▶ _Collected material_:
_ _ _ _ _ _ _

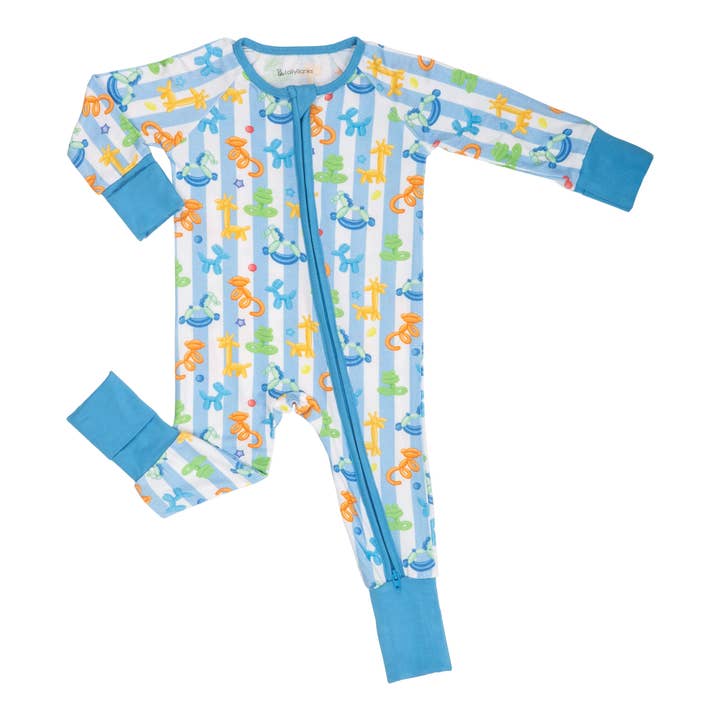 Twist and Shout - Baby Boy Bamboo Pajamas for wholesale by LollyBanks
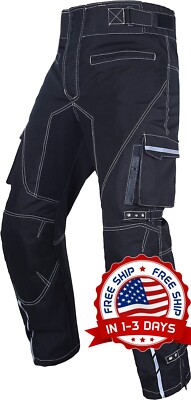Pantalones de moto para hombre que montan carreras en deportes duales US NUEVO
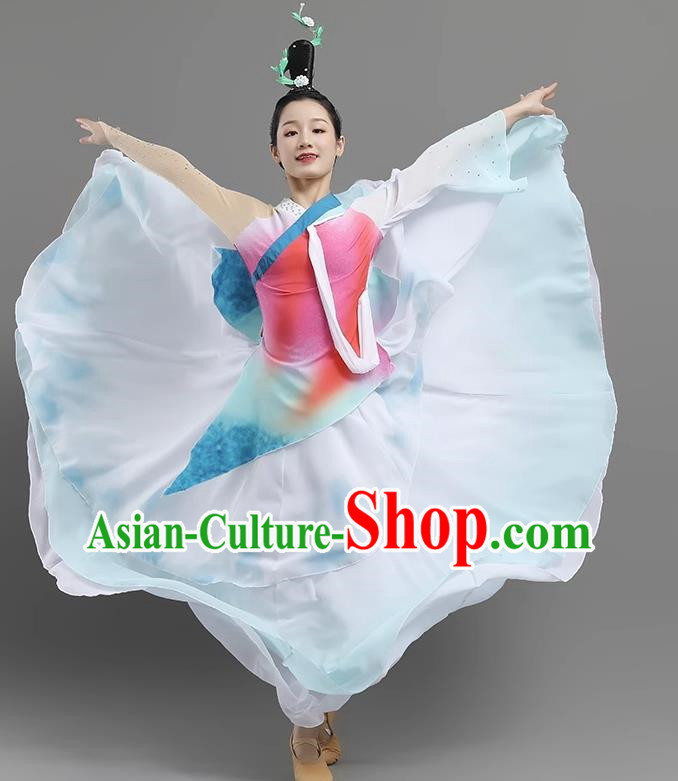 China Classical Dance Landscape Dance Costume Art Examination Adult Performance Clothing Elegant Skirt Female Performance Clothing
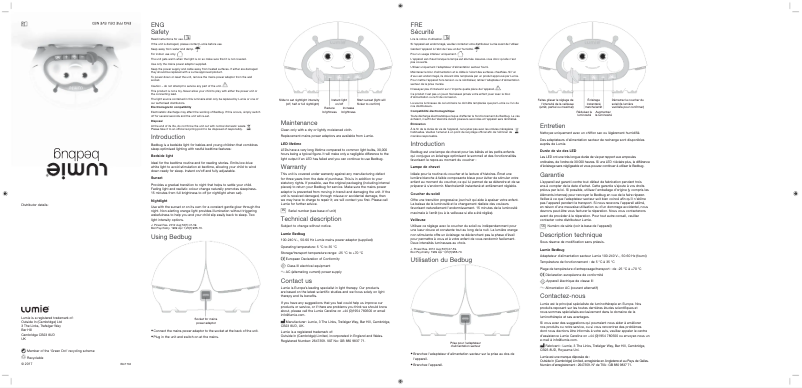 Página 1 del manual Manual de usuario Lumie Bedbug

_ _ _ _ _ _ _

▶ _What you should do_: From the first line above to the line containing "Pantalones de moto", repeat each line exactly. Pictures stay out.

▶ _Written solution_:
 Twist and Shout - Baby Boy Bamboo Pajamas for wholesale by LollyBanks
Pantalones de moto para hombre que montan carreras en deportes duales US NUEVO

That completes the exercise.